A STAGGERING average of nine hate crimes is reported daily across Avon and Somerset, police figures reveal.

The 3,284 recorded incidents in the last year represent a ten per cent hike over two years.

Of those, 2,028 were racial and in the first year since gender crime was officially recognised in the force area, 401 gender hate crimes have been reported.

Police say underreporting continues to be an issue especially for victims of hate crimes related to disability and sexual orientation.

During National Hate Crime Awareness Week, which runs until Saturday, Avon and Somerset Police are working with partners to increase understanding about what a hate crime is, how to report it and to remind people what they can do if they see it happening in their community.

Constabulary lead for hate crime Supt Andy Bennett said: "Tackling hate crime, in all of its forms, is a priority for us.

"Our chief constable wants us to be outstanding in how we tackle this. More people seem to be reporting hate crime, but we want to reduce the instances of it occurring. It is not acceptable.

"Anyone can be a victim of hate crime. If you have been verbally or physically attacked, threatened or subjected to malicious communication because of your gender, race, sexual orientation, religion, gender identify or because of a disability, please get in touch with us. And if you feel you can’t then please speak to a local charity or organisation.

"We know these figures don’t show the full picture so we are keen to encourage more victims to come forward.

"We are working to make Avon and Somerset a place where there is no home for hate."

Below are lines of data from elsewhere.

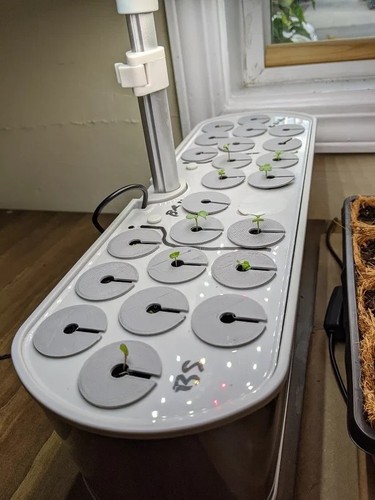 Aerogarden seed starter tray - starter,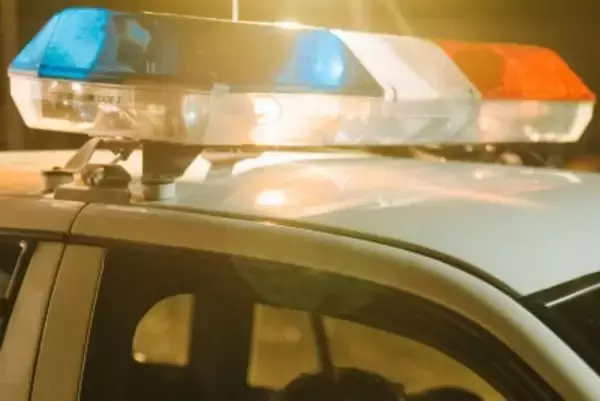 日本人女性の顔などを刃物で刺す、中国人の男逮捕＝中国ネットの反応は…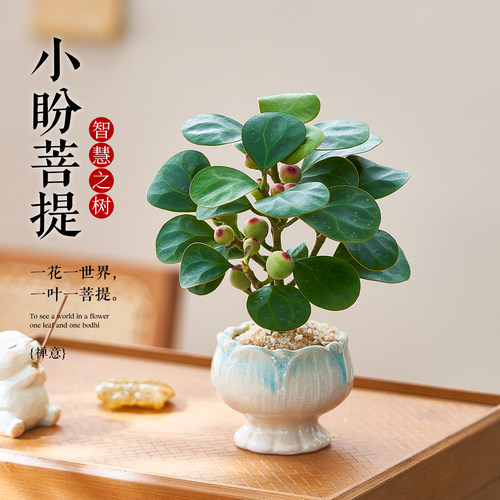 小盼菩提盆栽带果中式菩提树禅意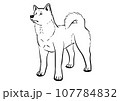 秋田犬の立派な立ち姿の線画 107784832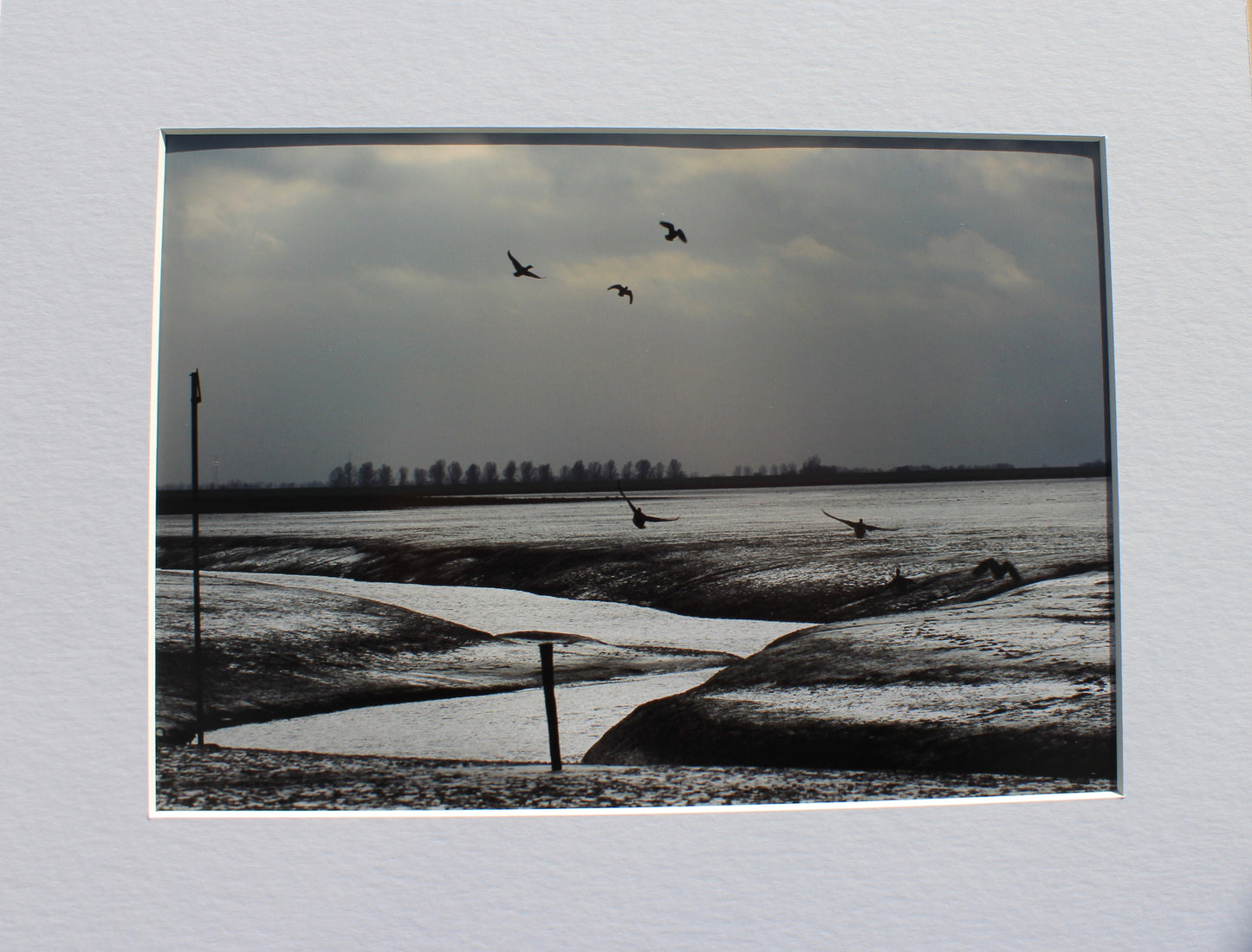 Original Photography - Birdland, the Wash Foreshore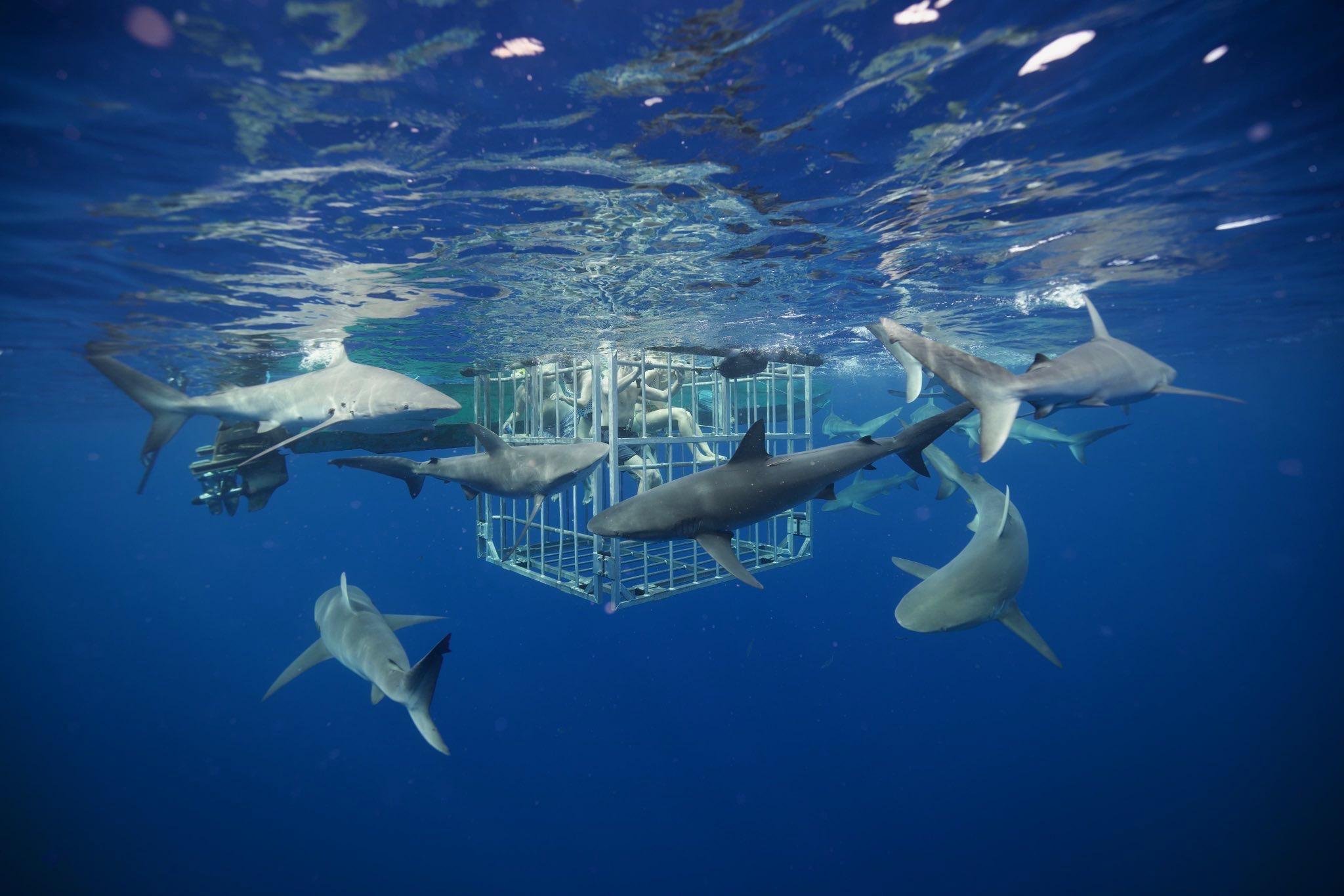 North Shore Shark Cage Diving Experience, Haleiwa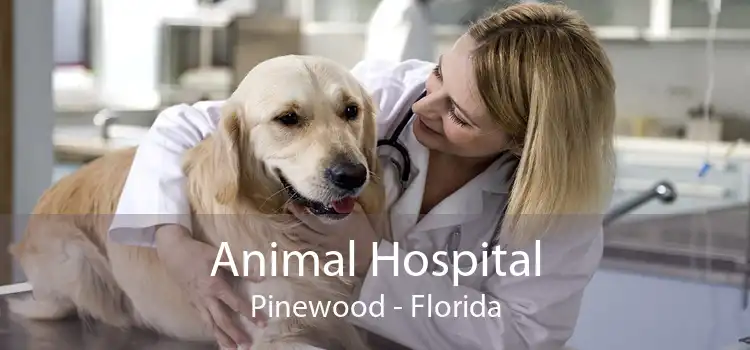 Animal Hospital Pinewood - Florida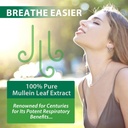 2-pack-mullein-drops-for-lungs-natural-m-2.jpg
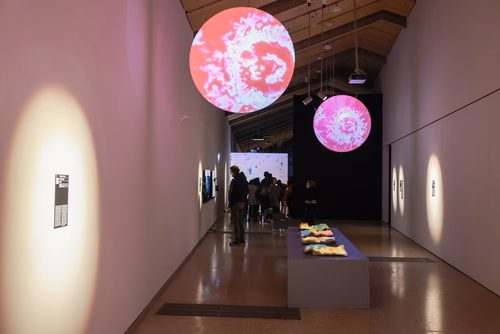 La lumière, voici la toute nouvelle thématique du festival Scientastic, le festival des sciences de l'EPFL Organisateur Service de promotion des sciences sps.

Stand Against Racism and Inequality strategic director Alex Raikes said: "SARI is working tirelessly, 24/7 to tackle hate crime across Avon and Somerset.

"Every year a large number of victims of hate crime come forward to courageously tell us what is happening to them – 1,179 people during 2017-2018.

"While race hate remains the highest reporting category, we are gradually seeing more people reporting disabilist, faith-based, homophobic, bi-phobic, misogynistic and transphobic cases.

"But under-reporting is still a huge issue –we know far too many people are suffering in silence.

"We know that people are worried to come forward because they think it will make things worse or they think that they won’t be taken seriously.

"Our advice is, if you don’t report it, it often won’t go away and certainly perpetrators will get away with it and then may well harm others.

"And you can report it even if you don’t want to take action – just to get advice and make sure it is on record."